Theoretically, there are at least 2 possible, not mutually exclusive, mechanisms for NK cells and CTLs to be protected by TRAIL-induced apoptosis.⁴³  The first mechanism is represented by the expression of TRAIL-R4 in both resting and activated cells, and TRAIL-R3 exclusively in activated cells. In fact, although TRAIL-R1 and TRAIL-R2 transduce apoptotic signals on binding of TRAIL, TRAIL-R3 and TRAIL-R4 are homologous to TRAIL-R1 and TRAIL-R2 in their cysteine-rich extracellular domain but lack intracellular death domain and apoptosis-inducing capability.
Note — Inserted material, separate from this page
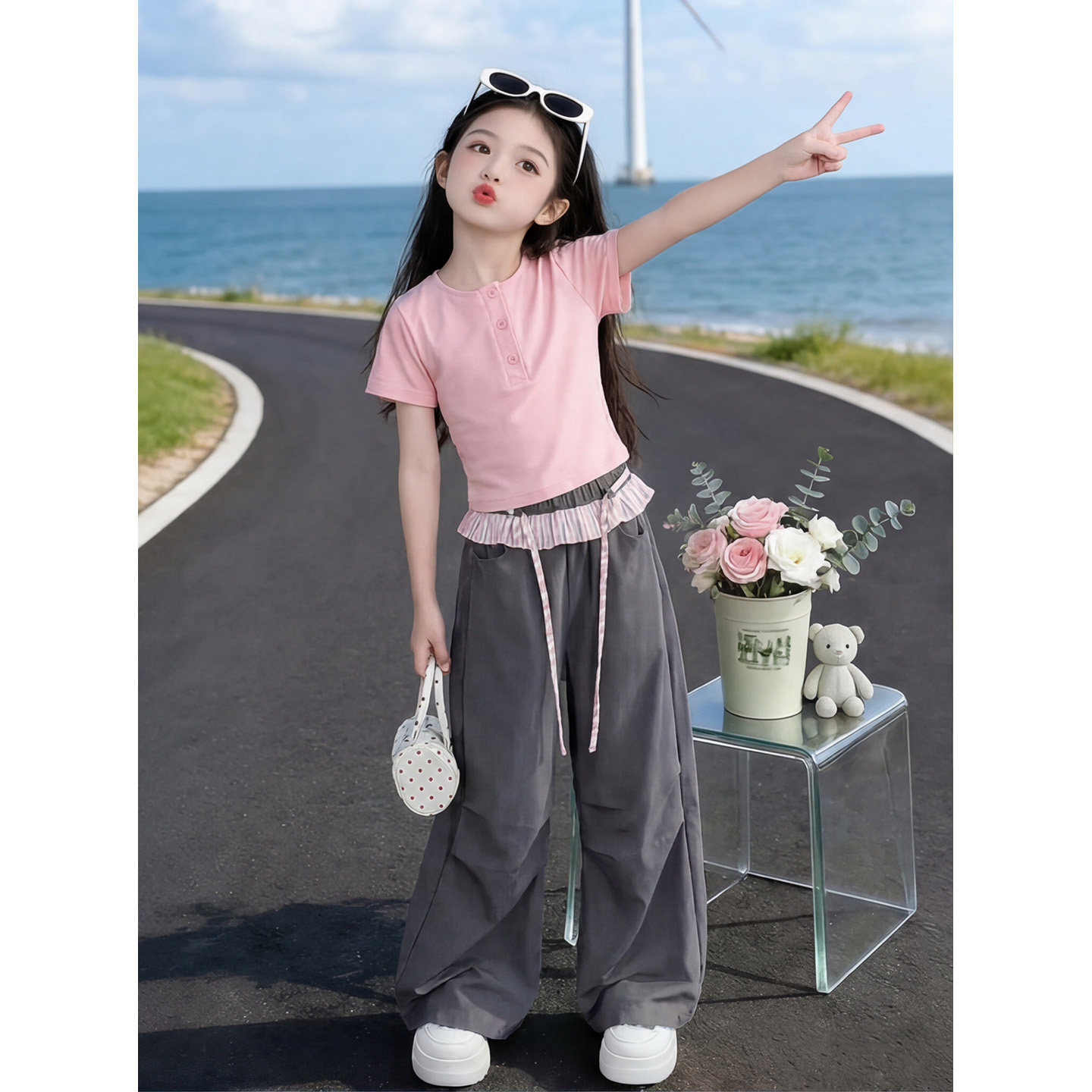 女款短袖T恤荷叶边阔腿裤两件套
Although it is not yet completely clear whether the expression of TRAIL-R3 and/or TRAIL-R4 is a key factor in determining the resistance or sensitivity to TRAIL cytotoxicity, they have been proposed to function as decoy receptors, protecting some cell types from apoptosis.^44,45  However, our data show that the second possible mechanism of protection, represented by the high level of FLIP protein expression by NK cells and CTLs, is the one that accounts for their resistance to the apoptotic effect of TRAIL. A direct proof of the role for FLIP on the protection from TRAIL activity is given by the siRNA experiments, in which FLIP-siRNA transfected primary human NK cells became sensitive to TRAIL and die by apoptosis. FLIP_Long, the full-length 55-kDa form of FLIP, shows overall structural homology to caspase-8, containing 2 death effector domains that interact with FADD, and an inactive caspase-like domain. FLIP_Short, an alternative spliced short form of FLIP, contains only the 2 death effector domains and has lower antiapoptotic capacity.¹⁵  Our data parallel those obtained by overexpression of FLIP_Long in mouse T cells, which inhibits FasL-induced apoptosis in vitro,⁴⁶  whereas it is not able to block activation-induced cell death.⁴⁷  Although both TRAIL-R4 and FLIP might play a role in the protection of NK and CTL cells from TRAIL-induced apoptosis, the fact that (1) selective down-modulation of FLIP exposes NK cells to TRAIL-induced apoptosis; (2) NK 3.3 cells, which are resistant to TRAIL, do express FLIP but do not express TRAIL decoy receptors; and (3) actinomycin D, which restores TRAIL sensitivity in NK cells, does not affect TRAIL receptor surface expression while decreasing FLIP expression, strongly suggest that FLIP is primarily responsible for the resistance of NK and CD8 T cells to the apoptotic effect of TRAIL.